Ron Molen’s Advice for a Creative Life
Don’t be satisfied with the world as you find it.
Activism and creativity go together—join a non profit.
Question your view of the world.
Find out where you belong and where you can prosper as an individual.
Find something that you are passionate about, and do it.
Keep your head out of the Smartphone, all good things have their downsides.
In July, we had the good fortune to list a stunning home at 1888 Hubbard. It was remodeled in the late 1980s by renowned Salt Lake modernist Ron Molen. Coincidentally, it was the second Yalecrest-area Molen home we had toured in just a few weeks time. It was a sure indication that chance, or fate, had placed Mr. Molen in our path. With the help of Lloyd Architects, we tracked Molen, a youthful 89, down.
Molen affably agreed to have us over, and gave directions to his home in the Forest Dale neighborhood. The tell-tell signs of an artist hung in the wide public stairwell leading up to his second-story condo; like bits of bread—plein air pastels, oils and watercolors, semi-abstract compositions—up the stairs and down the hall to his front door.
Molen opens the door with neatly combed wet hair, a well-pressed salmon collared shirt, navy shorts, white athletic socks, and brighter white athletic shoes. He apologizes for being a bit late. “I was out swimming. I swim every day; but today,” he clicks his tongue,”I lost track of time.”

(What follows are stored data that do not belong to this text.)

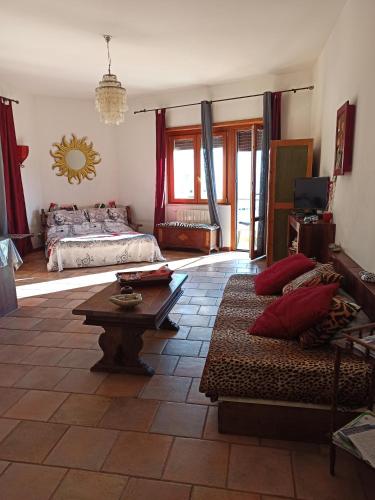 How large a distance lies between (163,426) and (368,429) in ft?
3.18

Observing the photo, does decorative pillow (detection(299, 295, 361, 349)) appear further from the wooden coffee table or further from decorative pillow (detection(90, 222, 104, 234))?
decorative pillow (detection(90, 222, 104, 234))

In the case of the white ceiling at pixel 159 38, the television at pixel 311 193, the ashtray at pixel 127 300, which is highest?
the white ceiling at pixel 159 38

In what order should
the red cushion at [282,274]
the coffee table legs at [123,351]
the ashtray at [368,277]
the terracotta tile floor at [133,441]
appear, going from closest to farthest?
the terracotta tile floor at [133,441] < the ashtray at [368,277] < the coffee table legs at [123,351] < the red cushion at [282,274]

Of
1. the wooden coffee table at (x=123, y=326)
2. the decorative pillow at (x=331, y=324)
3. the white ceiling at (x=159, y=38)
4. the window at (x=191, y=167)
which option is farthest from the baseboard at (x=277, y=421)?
the window at (x=191, y=167)

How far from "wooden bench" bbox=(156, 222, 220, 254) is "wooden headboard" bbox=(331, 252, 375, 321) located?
3.20 meters

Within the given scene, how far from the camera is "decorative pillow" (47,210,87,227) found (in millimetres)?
6004

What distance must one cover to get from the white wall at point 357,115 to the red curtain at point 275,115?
1439mm

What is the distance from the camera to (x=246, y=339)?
192cm

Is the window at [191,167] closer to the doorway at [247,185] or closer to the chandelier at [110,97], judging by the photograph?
the doorway at [247,185]

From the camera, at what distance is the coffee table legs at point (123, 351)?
2316 mm

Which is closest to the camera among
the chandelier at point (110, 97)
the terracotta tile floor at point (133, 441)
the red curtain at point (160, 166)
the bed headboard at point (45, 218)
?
the terracotta tile floor at point (133, 441)

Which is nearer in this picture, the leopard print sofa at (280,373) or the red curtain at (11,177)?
the leopard print sofa at (280,373)

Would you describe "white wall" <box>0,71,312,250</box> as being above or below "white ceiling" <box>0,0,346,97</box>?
below

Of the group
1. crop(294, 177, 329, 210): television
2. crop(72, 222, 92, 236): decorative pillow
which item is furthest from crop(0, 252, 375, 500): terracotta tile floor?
crop(72, 222, 92, 236): decorative pillow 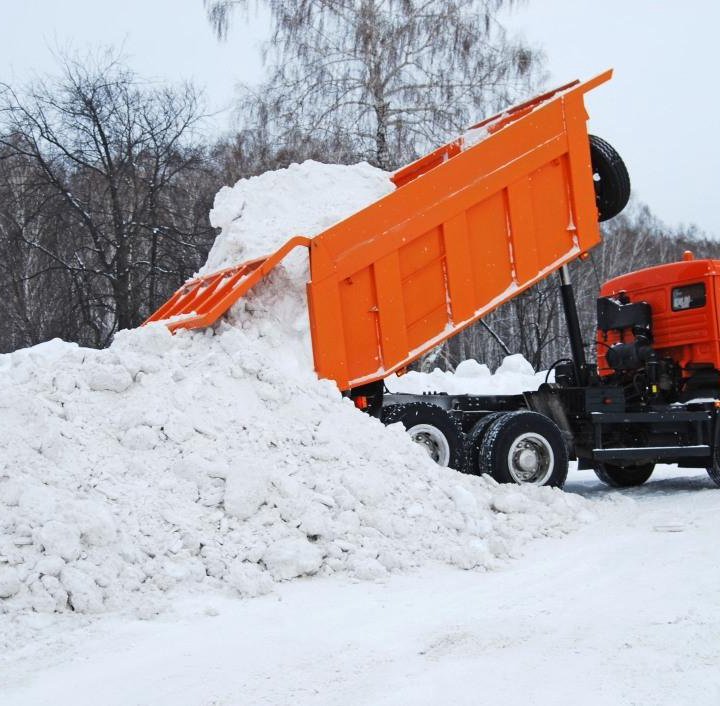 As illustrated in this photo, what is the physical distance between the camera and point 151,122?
57.0ft

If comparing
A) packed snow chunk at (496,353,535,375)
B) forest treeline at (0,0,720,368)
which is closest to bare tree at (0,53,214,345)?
forest treeline at (0,0,720,368)

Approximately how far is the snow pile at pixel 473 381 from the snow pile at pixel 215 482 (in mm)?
5300

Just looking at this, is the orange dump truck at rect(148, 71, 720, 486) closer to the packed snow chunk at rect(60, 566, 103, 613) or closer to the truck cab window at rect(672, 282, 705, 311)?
the truck cab window at rect(672, 282, 705, 311)

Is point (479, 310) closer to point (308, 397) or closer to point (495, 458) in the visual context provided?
point (495, 458)

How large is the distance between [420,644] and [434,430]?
129 inches

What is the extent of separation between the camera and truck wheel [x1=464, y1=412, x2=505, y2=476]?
7582mm

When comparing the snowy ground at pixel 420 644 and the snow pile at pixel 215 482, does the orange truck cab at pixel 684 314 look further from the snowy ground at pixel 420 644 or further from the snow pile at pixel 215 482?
the snowy ground at pixel 420 644

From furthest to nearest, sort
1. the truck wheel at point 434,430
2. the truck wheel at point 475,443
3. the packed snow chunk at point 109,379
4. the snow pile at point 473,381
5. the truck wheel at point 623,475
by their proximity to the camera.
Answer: the snow pile at point 473,381 → the truck wheel at point 623,475 → the truck wheel at point 475,443 → the truck wheel at point 434,430 → the packed snow chunk at point 109,379

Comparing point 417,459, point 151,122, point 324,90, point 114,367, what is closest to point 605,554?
point 417,459

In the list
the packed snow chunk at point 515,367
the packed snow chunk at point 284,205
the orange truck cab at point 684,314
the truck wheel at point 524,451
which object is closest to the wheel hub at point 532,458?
the truck wheel at point 524,451

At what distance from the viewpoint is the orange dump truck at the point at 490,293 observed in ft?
23.1

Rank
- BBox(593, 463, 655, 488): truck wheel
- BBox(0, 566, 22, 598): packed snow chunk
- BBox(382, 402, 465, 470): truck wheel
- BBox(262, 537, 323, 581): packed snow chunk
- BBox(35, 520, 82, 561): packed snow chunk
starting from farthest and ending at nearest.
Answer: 1. BBox(593, 463, 655, 488): truck wheel
2. BBox(382, 402, 465, 470): truck wheel
3. BBox(262, 537, 323, 581): packed snow chunk
4. BBox(35, 520, 82, 561): packed snow chunk
5. BBox(0, 566, 22, 598): packed snow chunk

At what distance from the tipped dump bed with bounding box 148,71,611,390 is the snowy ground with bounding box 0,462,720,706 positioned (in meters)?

The trail of gorgeous paintings continues inside. The walls are covered with stunning Utah landscapes and portraitures: all compositions by his wife, himself or other famous local artists he ran (sometimes literally—he took up marathon running in his 40s) in circles with over the years. “The paintings outside in the hall are mostly Norma’s, a few are mine. My favorite pieces of hers I keep here,” he points at several pieces in the front room and hall as he walks. They both, he tells us, have works displayed at the University of Utah and Springville Museum of Art.
We sit down to talk. A larger-than life painting of a young Norma stares over Molen’s right shoulder. His muse passed away last year and his grief is still palpable.To the right of Molen, peering over his left shoulder, is a portrait of a moody young man. Steven, he tells us, was their brilliant, gentle boy; he was shot and killed along with his girlfriend by her ex-lover in an Indiana University dorm room. He was 20 and an aspiring writer. “So much potential,” he says turning to look over his shoulder, his voice trailing off.
“Now that painting,” he brightens, “has a remarkable story. When Steve was at Roland Hall, he went with a buddy to art class; the art instructor was Randall Lake. Lake just loved the look of his hair—his wild mane—and asked if he could paint him. He never finished it, but after Steven died, he called to ask if we wanted it…you know, what do you say to that?”
Steven’s painting is a tangible presence of another passion Mr. and Mrs. Molen shared: advocacy. Following his death, the Molen’s founded the Gun Rights Prevention Center of Utah. Molen is still active in lobbying local and national politicians. “Never,” Molen says, “is the cause more urgent, more pressing than now.” As Molen continues to talk about his life, it is clear that architecture is just one facet in a divergent set of talents he has proudly cultivated since the day his father drove past Frank Lloyd Wright’s Robie house on the way to church and muttered, “Damn fool architect.”
While he still talks passionately about his work as an architect—particularly his groundbreaking and nationally-acclaimed Westshire subdivision, his residential work in the upper Avenues and his commercial work in Salt Lake City and Park City—Molen is just as interested in talking about his time as a marathon runner, his work as an author (over a dozen published titles), his environmental and gun-control activism and his close-knit family.
“Activism, architecture, art, running, writing,” Molen reflects, “I’ve only ever just followed my passion, and my interests. I’ve never really set out to be something, but to do something. Activism and creativity are, in my mind, almost one and the same: you aren’t satisfied with the world as you find it.”